The Company follows subtopic 850-10 of the FASB Accounting Standards Codification for the identification of related parties and disclosure of related party transactions.

 

Pursuant to Section 850-10-20 the related parties include a. affiliates of the Company; b. Entities for which investments in their equity securities would be required, absent the election of the fair value option under the Fair Value Option Subsection of Section 825–10–15, to be accounted for by the equity method by the investing entity; c. trusts for the benefit of employees, such as pension and profit-sharing trusts that are managed by or under the trusteeship of management; d. principal owners of the Company; e. management of the Company; f. other parties with which the Company may deal if one party controls or can significantly influence the management or operating policies of the other to an extent that one of the transacting parties might be prevented from fully pursuing its own separate interests; and g.
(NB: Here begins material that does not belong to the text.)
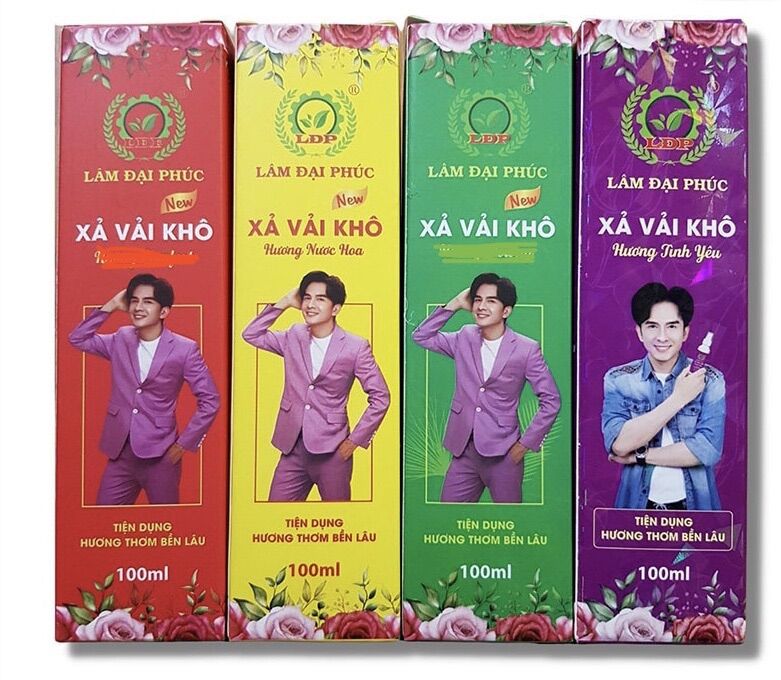 24 CHAI NƯỚC XẢ VẢI KHÔ ( 4 màu tuỳ chọn ) - LÂM ĐẠI PHÚC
Other parties that can significantly influence the management or operating policies of the transacting parties or that have an ownership interest in one of the transacting parties and can significantly influence the other to an extent that one or more of the transacting parties might be prevented from fully pursuing its own separate interests.

 

The consolidated financial statements shall include disclosures of material related party transactions, other than compensation arrangements, expense allowances, and other similar items in the ordinary course of business. However, disclosure of transactions that are eliminated in the preparation of consolidated or combined financial statements is not required in those statements. The disclosures shall include: a. the nature of the relationship(s) involved; b. a description of the transactions, including transactions to which no amounts or nominal amounts were ascribed, for each of the periods for which income statements are presented, and such other information deemed necessary to an understanding of the effects of the transactions on the financial statements; c. the dollar amounts of transactions for each of the periods for which income statements are presented and the effects of any change in the method of establishing the terms from that used in the preceding period; and d. amounts due from or to related parties as of the date of each balance sheet presented and, if not otherwise apparent, the terms and manner of settlement.

 

Recent Accounting Pronouncements

 

Management does not believe that any recently issued, but not effective, accounting standards, if currently adopted, would have a material effect on our financial statements.

 

Results of Operations

 

For the three months ended March 31, 2024 and 2023

 

The following table provides selected financial data about us for the three months ended March 31, 2024 and 2023, respectively.

 

   March 31, 2024   March 31, 2023 
Sales  $170,732   $34,788 
Cost of Sales   2,383,285    23,965 
Gross Profit (Loss)   (2,212,553)   10,823 
Total operating expenses   (12,956,552)   (1,244,953)
Other income (expense)   (505,566)   (58,282)
Loss from operations  $(15,674,671)  $(1,1,292,412)
Loss from discontinue operations   -    (15,762)
Nei loss  $(15,674,671)  $(1,308,174)

 

Revenues

 

We generated $170,732 in revenues for the three months ended March 31, 2024 compared to $34,788 revenues in the three months ended March 31, 2023. The increase is due to the launch of the Safety Shot Beverage in December 2023. Cost of goods sold increased due to the start up costs associated with the launch of the Safety Shot Beverage and a one-time inventory write off of $1,744,714 for rebranding the product.

 

Operating Expenses and Other Income (Expense)

 

We had total operating expenses of $12,956,552 for the three months ended March 31, 2024 compared to $1,244,953 for the three months ended March 31, 2021.

 

Operating expenses for the three months ended March 31, 2024 were in connection with our daily operations as follows: (i) marketing expenses of $1,450,773; (ii) research and development of $141,493; (iii) legal and professional expenses of $2,382,950, consisting of corporate advisory services, annual report preparation fees and general corporate governance fees; (iv) rent and utilities of $84,831; (v) depreciation and amortization of $104,501; (vi) general and administrative expenses of $711,470, consisting of payroll and related taxes, travel, meals and entertainment, office supplies and expense, compensation related to management transition agreements and other normal office and administration expenses; and (vii) stock based compensation of $8,090,534.

 

Other income for the three months ended March 31, 2024 included: (i) interest income of $4,032; (ii) interest expense of $61,831; (iii) unrecognized loss on equity investment of $599,155 and (iv) net gain on sale of marketable securities of $151,388.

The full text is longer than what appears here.